Assuming participants did all 3 measures in the same testing session then any
error processes which were sustained across the whole testing session (e.g. a
participant feeling unusually tired or alert on that day etc) would contribute
systematically across all RT measures and thus lead to a degree of correlation of
the error terms.]
Question 9
Topic: Power
(i)
[20% marks]
Changing the type I error rate (alpha) changes power all other things being held
constant. If one moves the critical value line to the right (decreasing alpha, the
area to the right of this line in the H0 distribution) then the area to the right of
this line in the H1 distribution (i.e. power) must also decrease. So to increase
power you can use a more lax (larger) alpha value. (This could be illustrated
with a second diagram.)
(ii)
[10% marks] d = expected mean difference between groups / common standard
deviation
= 2.5/7.5 = 0.33
(iii) [10% marks] 80% or 90% are usual for sample size determinations. Give 0
marks for anyone who mistakenly quotes Cohen’s rules of thumbs for effect
sizes (0.2 small; 0.5 medium; 0.8+ large)
(iv) [10% marks] Change the following line
COMPUTE zalpha=IDF.NORMAL(1-alpha/2,0,1) .

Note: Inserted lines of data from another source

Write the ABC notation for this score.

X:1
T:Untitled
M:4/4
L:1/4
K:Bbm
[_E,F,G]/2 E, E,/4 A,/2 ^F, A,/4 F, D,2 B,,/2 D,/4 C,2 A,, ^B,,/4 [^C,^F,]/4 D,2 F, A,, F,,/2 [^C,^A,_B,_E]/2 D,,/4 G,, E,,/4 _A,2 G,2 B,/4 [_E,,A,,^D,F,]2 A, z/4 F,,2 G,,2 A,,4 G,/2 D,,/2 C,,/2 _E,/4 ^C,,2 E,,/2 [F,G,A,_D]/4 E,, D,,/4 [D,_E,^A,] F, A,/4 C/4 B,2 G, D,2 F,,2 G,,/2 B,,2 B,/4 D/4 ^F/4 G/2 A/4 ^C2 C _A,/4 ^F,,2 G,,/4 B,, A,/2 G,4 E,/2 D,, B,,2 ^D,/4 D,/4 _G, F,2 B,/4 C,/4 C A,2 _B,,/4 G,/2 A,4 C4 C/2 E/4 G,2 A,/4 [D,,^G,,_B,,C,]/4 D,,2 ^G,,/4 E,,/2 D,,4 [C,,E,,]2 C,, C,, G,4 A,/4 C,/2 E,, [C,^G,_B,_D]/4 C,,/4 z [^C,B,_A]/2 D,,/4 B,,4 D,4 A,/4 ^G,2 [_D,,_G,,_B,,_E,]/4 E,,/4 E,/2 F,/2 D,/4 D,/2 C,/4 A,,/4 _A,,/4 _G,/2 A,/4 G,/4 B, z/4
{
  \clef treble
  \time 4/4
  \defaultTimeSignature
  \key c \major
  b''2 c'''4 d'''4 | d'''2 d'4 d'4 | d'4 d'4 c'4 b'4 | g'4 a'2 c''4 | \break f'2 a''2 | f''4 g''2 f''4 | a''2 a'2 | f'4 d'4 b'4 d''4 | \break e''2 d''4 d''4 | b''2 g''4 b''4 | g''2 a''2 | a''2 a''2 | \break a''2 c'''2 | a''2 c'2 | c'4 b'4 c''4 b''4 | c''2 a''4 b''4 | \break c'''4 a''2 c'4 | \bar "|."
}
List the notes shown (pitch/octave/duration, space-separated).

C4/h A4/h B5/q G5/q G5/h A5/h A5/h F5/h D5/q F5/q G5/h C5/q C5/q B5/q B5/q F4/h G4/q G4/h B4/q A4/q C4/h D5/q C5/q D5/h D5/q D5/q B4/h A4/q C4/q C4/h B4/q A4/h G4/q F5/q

to read (1 - alpha,0,1). Give most of the marks for this. For 100% have to explain why
it works. The original syntax converts the upper-tail of a two-tailed critical region
(1-0.025=0.975) to a z-score to use in the calculations. The revised syntax uses a
single tail (at 0.95) to compute the z-value. This makes the z value smaller than that
used in the two-tailed case so (appropriately) reduces the number of subjects required,
all other things being equal -- see 3rd line of syntax.
(v)
[10% marks] You would need more participants in total because power is
maximal for equal sized groups; with unequal groups you reduce power and
therefore need more subjects to detect an effect of a certain size at a certain
power.
(vi) [10% marks] Non-centrality parameter (NCP)

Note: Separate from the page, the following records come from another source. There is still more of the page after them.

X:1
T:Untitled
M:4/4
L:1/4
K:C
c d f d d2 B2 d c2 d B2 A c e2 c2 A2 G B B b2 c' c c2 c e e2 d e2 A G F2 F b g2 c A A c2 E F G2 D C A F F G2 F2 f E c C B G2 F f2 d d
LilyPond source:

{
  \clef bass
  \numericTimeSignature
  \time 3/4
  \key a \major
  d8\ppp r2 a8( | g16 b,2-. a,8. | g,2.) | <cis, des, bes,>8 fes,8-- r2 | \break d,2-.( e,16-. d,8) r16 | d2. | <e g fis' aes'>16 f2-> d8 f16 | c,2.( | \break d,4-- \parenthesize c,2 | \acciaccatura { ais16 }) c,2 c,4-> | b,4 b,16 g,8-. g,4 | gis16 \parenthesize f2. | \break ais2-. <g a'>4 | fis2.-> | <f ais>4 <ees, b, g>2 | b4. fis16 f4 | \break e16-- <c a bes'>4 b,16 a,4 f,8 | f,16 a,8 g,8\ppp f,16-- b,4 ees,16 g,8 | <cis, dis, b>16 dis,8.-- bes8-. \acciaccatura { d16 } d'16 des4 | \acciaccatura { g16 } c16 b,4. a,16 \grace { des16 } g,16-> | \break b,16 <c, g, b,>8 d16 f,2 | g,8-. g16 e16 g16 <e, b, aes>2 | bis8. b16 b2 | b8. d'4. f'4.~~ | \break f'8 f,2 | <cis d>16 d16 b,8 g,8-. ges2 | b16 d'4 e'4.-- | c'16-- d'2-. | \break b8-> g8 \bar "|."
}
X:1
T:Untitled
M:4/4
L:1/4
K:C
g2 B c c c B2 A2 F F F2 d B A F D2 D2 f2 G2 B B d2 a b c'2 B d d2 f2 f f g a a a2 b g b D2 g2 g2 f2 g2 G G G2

(vii) [20% marks] The NCP is a very simple concept. Under the null hypothesis the
sampling distribution of the mean difference between the two groups would
have an expected value of zero. If the null hypothesis is false then the true mean
difference is non-zero. The NCP is simply the amount by which the sampling
distribution is displaced from the central (zero) value, when the alternative
hypothesis is true. It is therefore intimately linked to the effect size.

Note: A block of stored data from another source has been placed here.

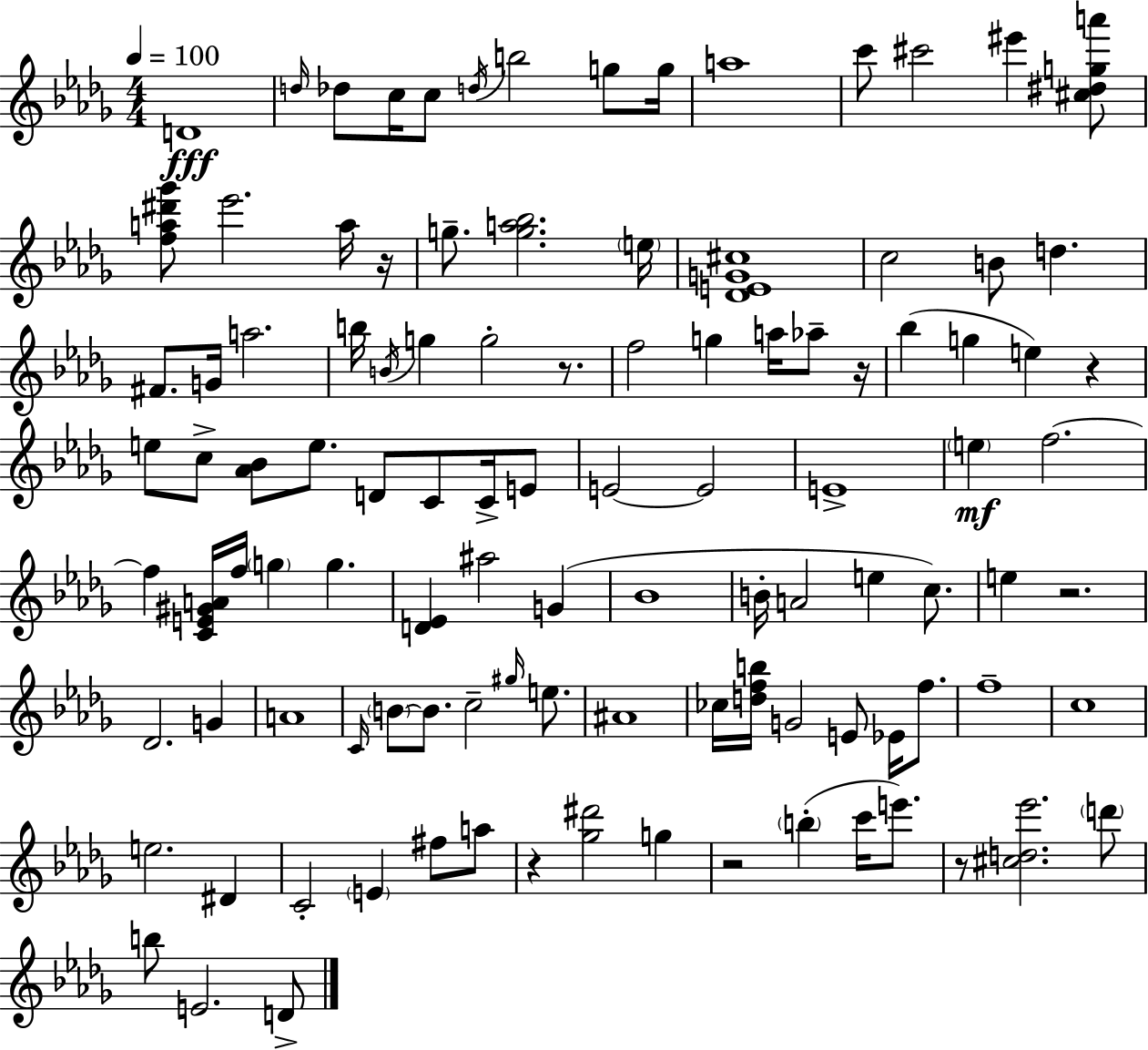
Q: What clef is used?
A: treble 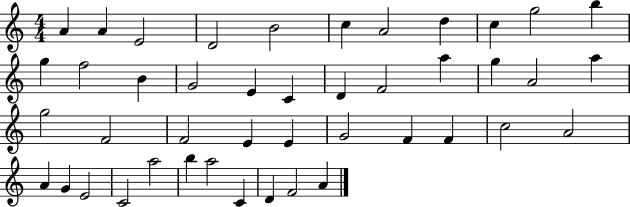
{
  \clef treble
  \numericTimeSignature
  \time 4/4
  \key c \major
  a'4 a'4 e'2 | d'2 b'2 | c''4 a'2 d''4 | c''4 g''2 b''4 | \break g''4 f''2 b'4 | g'2 e'4 c'4 | d'4 f'2 a''4 | g''4 a'2 a''4 | \break g''2 f'2 | f'2 e'4 e'4 | g'2 f'4 f'4 | c''2 a'2 | \break a'4 g'4 e'2 | c'2 a''2 | b''4 a''2 c'4 | d'4 f'2 a'4 | \break \bar "|."
}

The diagram below covers parts (vii) and (viii):-
(viii) [10% marks] see above diagram. As this diagram isn’t really any more than that
in part (i), the answer must place the line for tcrit (and shading for alpha) in
both tails of the distribution here (as a two-tailed test is specifically mentioned).
Give only 50% for 1-tailed shading otherwise correct. Drawings can look like
normal distributions although ideally should note that the distributions are t
distributions (slightly more platykurtic than normal distribution).